幕間
ウルキオラ戦の後あたり「……?」
死神代行黒崎一護は、撫子が張った倒山晶の中、織姫の盾舜六花の光の下で宇宙を背負っている。もちろん実物の宇宙を背負っている訳ではなく、宇宙の真実のようなモノを垣間見たが故の放心によるものだ。今回の場合、それに値するのは金髪の友人の出生についてだ。
「おーい、戻って来ィ一護ー」
「????」
「……ダメみたいだね黒崎くん……」
「確かに僕も驚いたけど……ここまで放心するものか?」
「あー……多分、オカンと会うたことあるから尚更って感じやな……」
織姫に傷を治してもらい、撫子が霊圧の回復を担当する傍ら、「もう石田も織姫ちゃんも阿散井くんも知っとることやから」と切り出し、撫子は一護に自身の出生について簡潔に伝えた。

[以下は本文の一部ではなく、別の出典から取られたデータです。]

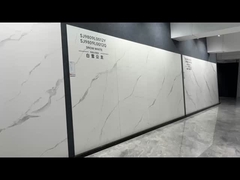 کاشی های خاکستری شیک شده شیشه ای 900x1800x9mm کاشی کف داخلی برای خانه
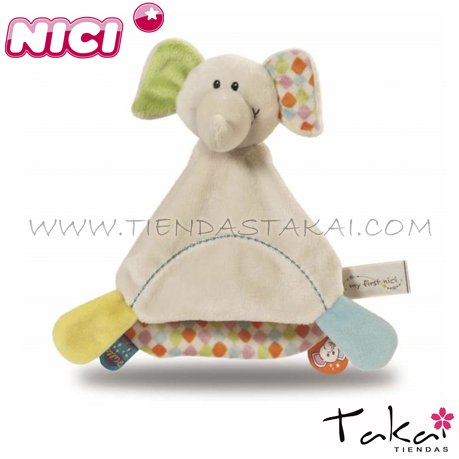 NICI Elefantito como camita rectangular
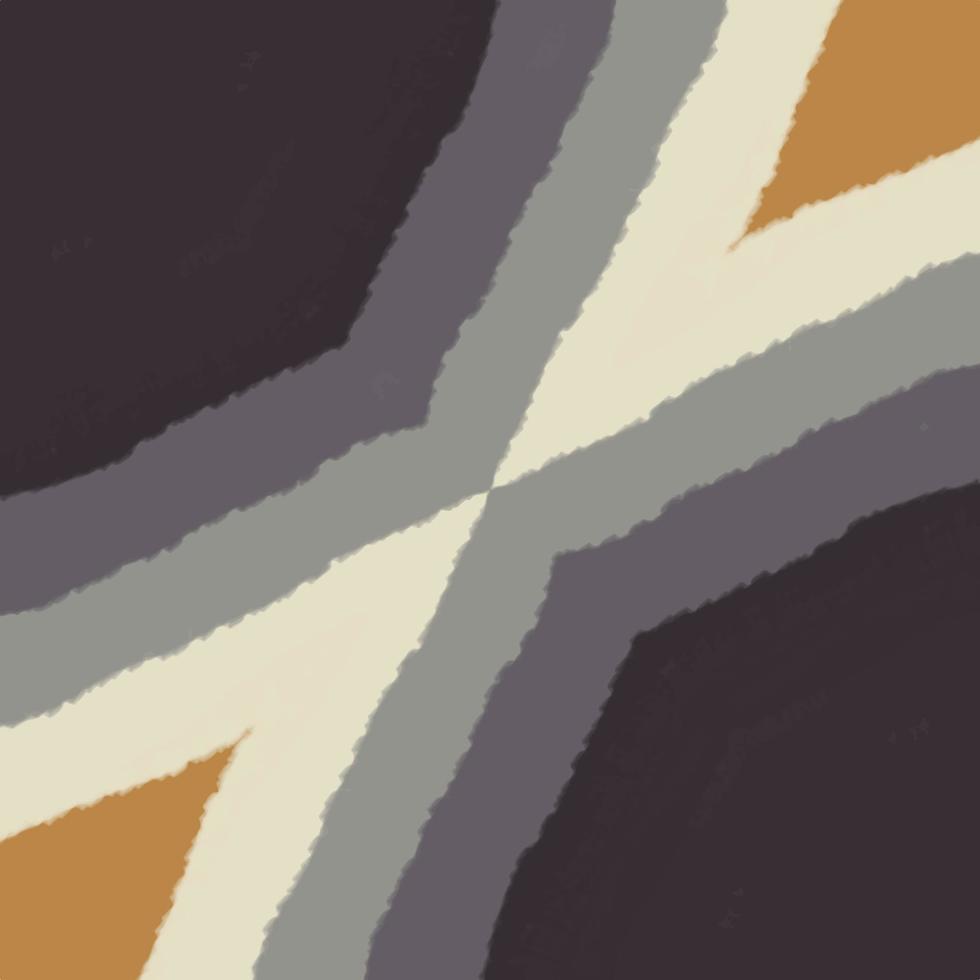 abstracte minimalistische muurcompositie in beige, grijze, bruine, zwarte kleuren. moderne creatieve hand getekende achtergrond. vector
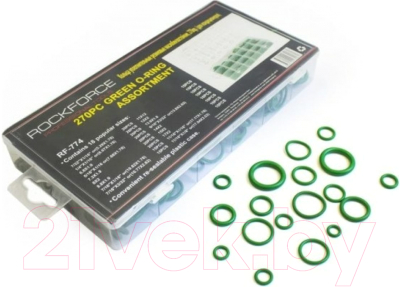 Набор уплотнительных колец RockForce RF-774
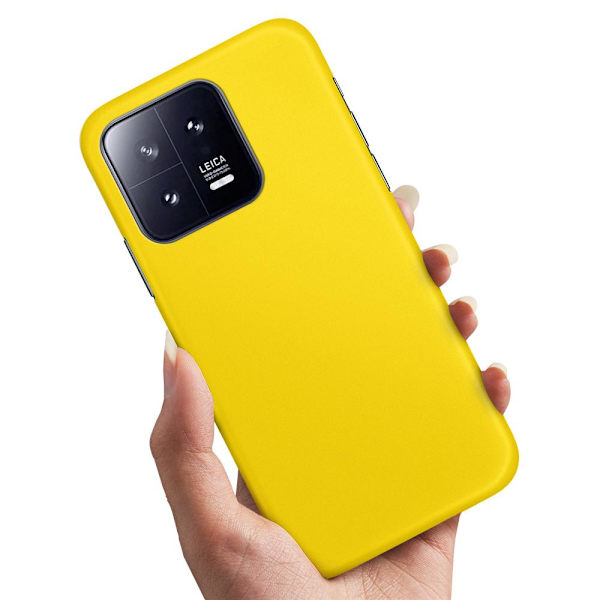 Deksel / Mobildeksel til Xiaomi 13 Pro - Gul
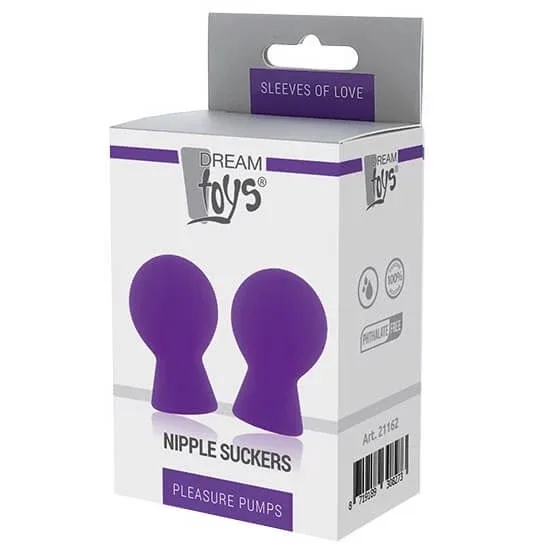 Dream Toys Pompă pentru mamelon Purple, 2 bucI — preț și oferte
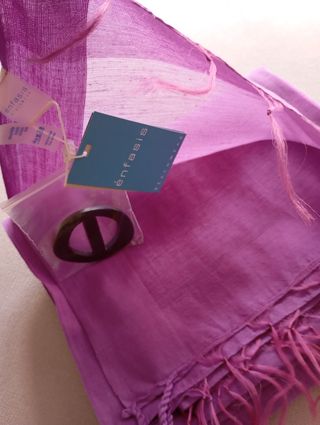 Fular/pareo marca Énfasis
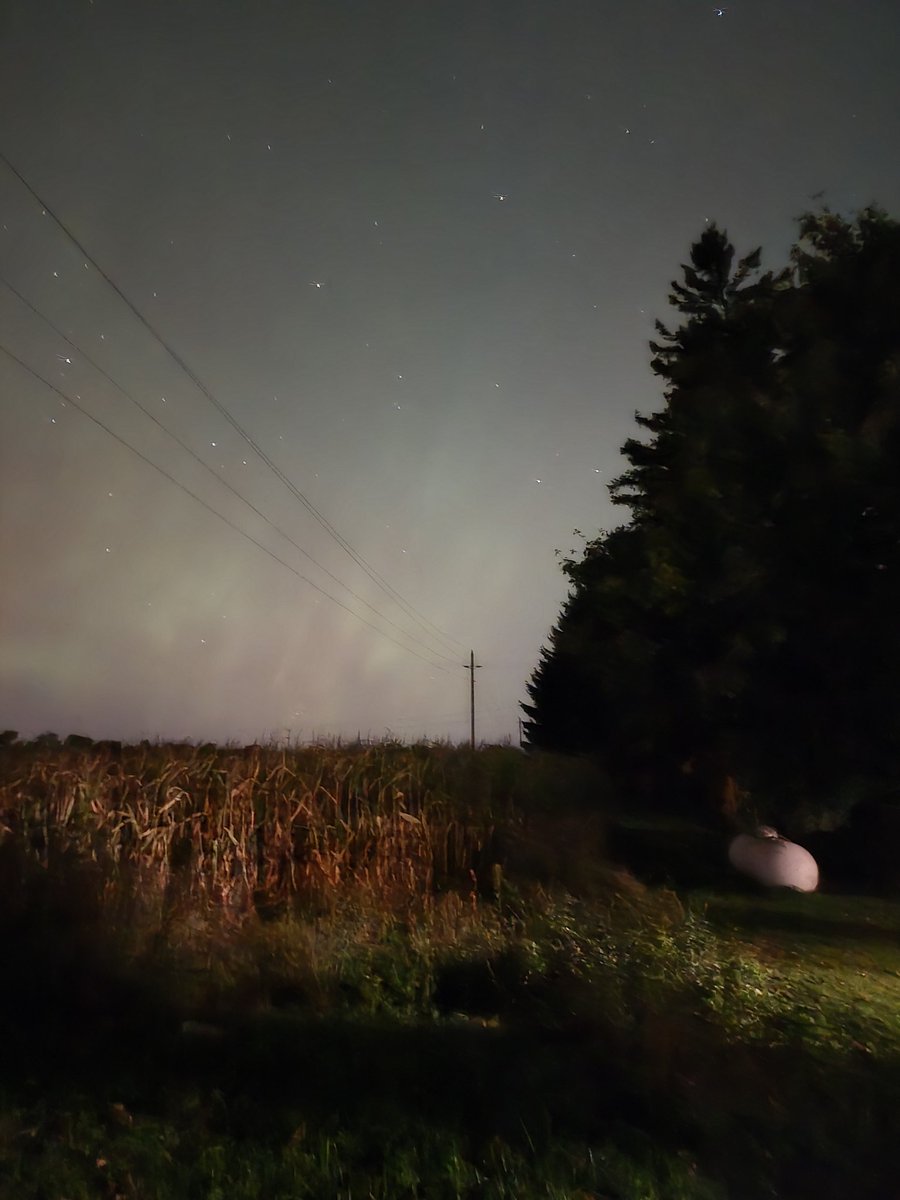 Well that was neat !! #northernlights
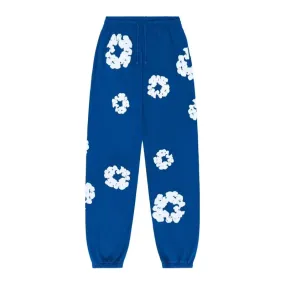 Denim Tears The Cotton Wreath Sweatpants Royal Blue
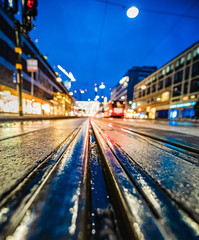 Fototapeta premium Stockholm City morning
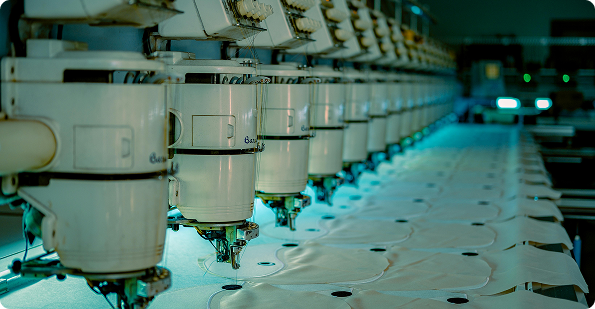 Embroidery Machinery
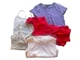 5‑Piece Crop Top & Tee Bundle &ndash; Forever 21, Solid Basics, Casual Fit
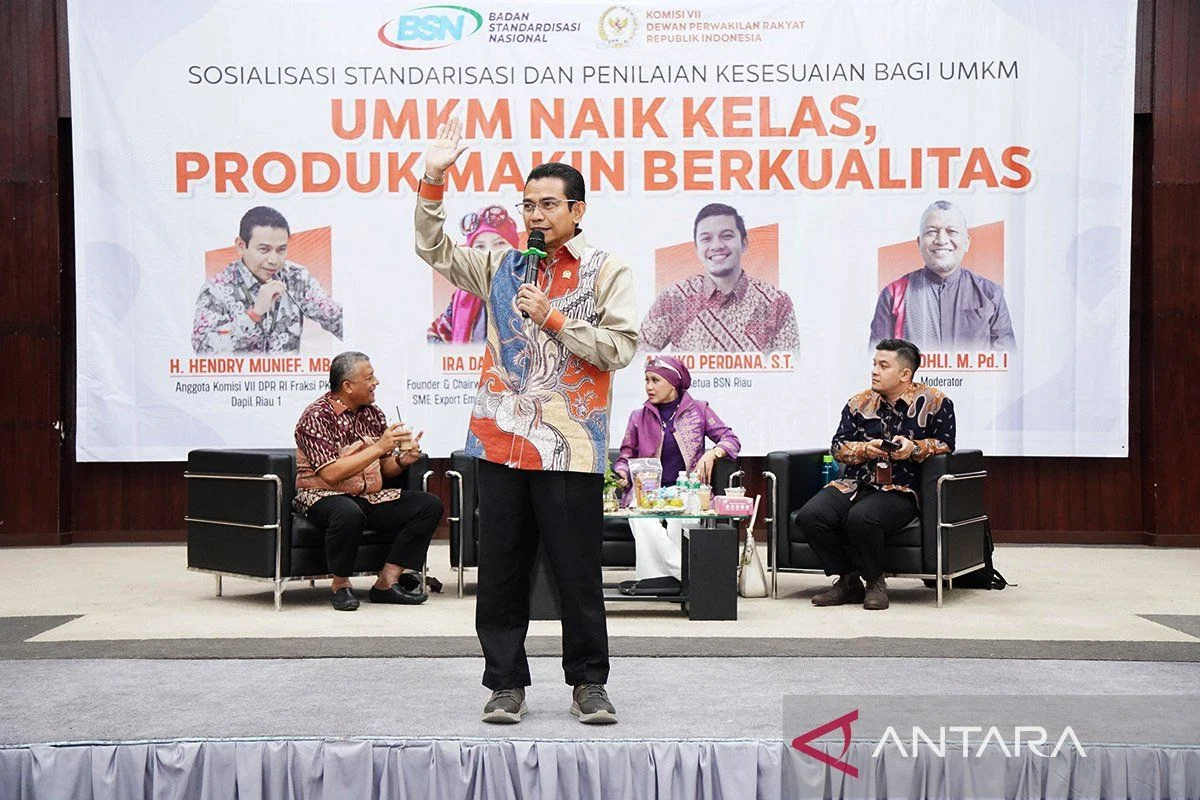 Komisi VII DPR Tekankan Pentingnya Standarisasi Nasional untuk Menjaga Daya Saing Produk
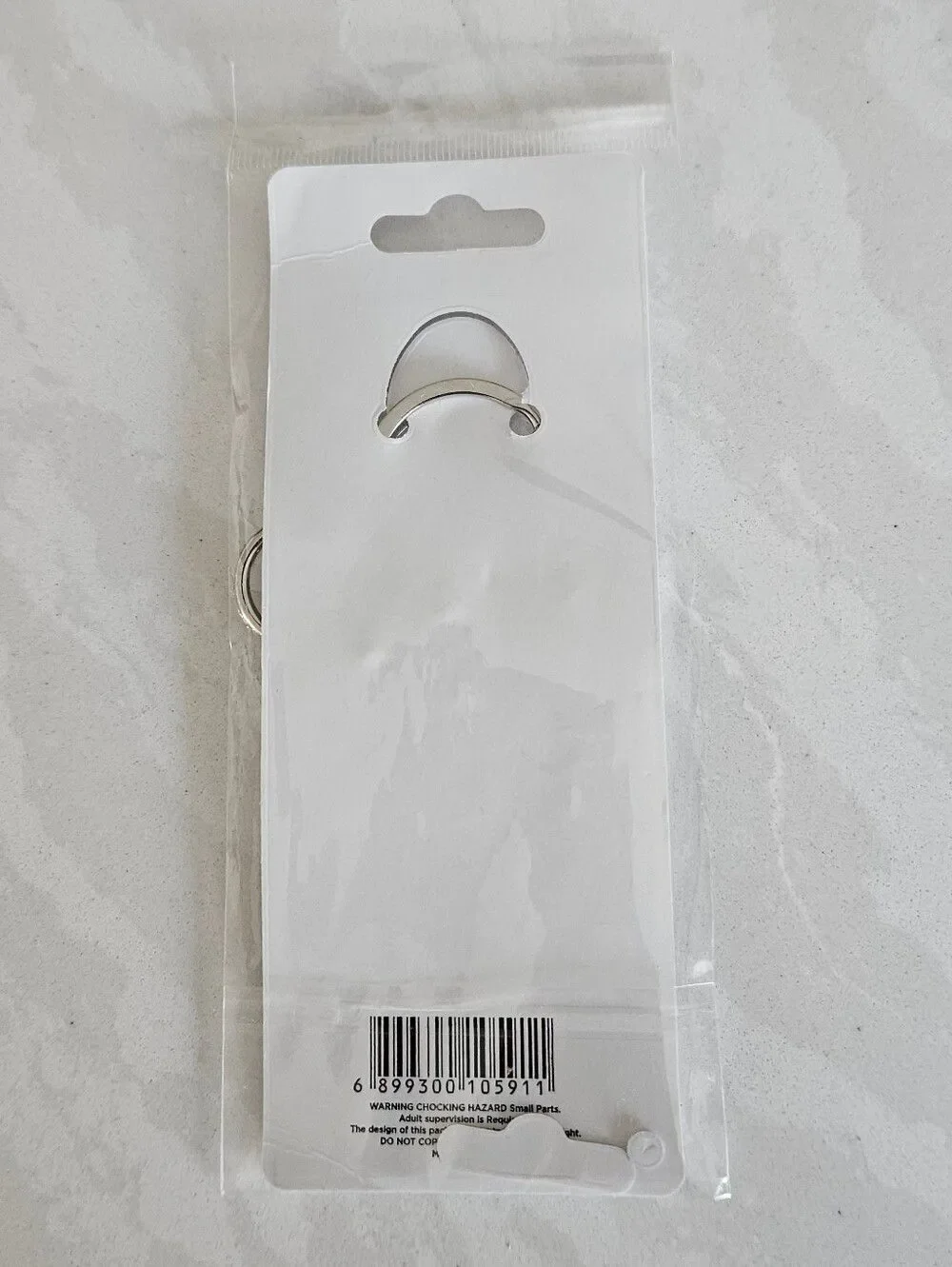 Red Cherry Heart Keychain Charm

「単に藍染がアタシの血だけ繋がっとる父親やって言うただけなんやけど……」
その結果がこれである。
「……俺が撫子の姉だと思ってた真子が実際は母親で……?」
「あ、戻ってきた」
「父親が……………………藍染…………?」
「ヒッジョーに残念なことになァ」
「……???」
「また宇宙を見てるな……」
撫子は今伝えておいて心底良かったと思った。藍染相手にこうなっては、戦いにならないからだ。
「さて、どないしよかなあ……」
回道で霊圧の回復をしつつ、宇宙を背負わせてしまうような己の出生に溜息をついた。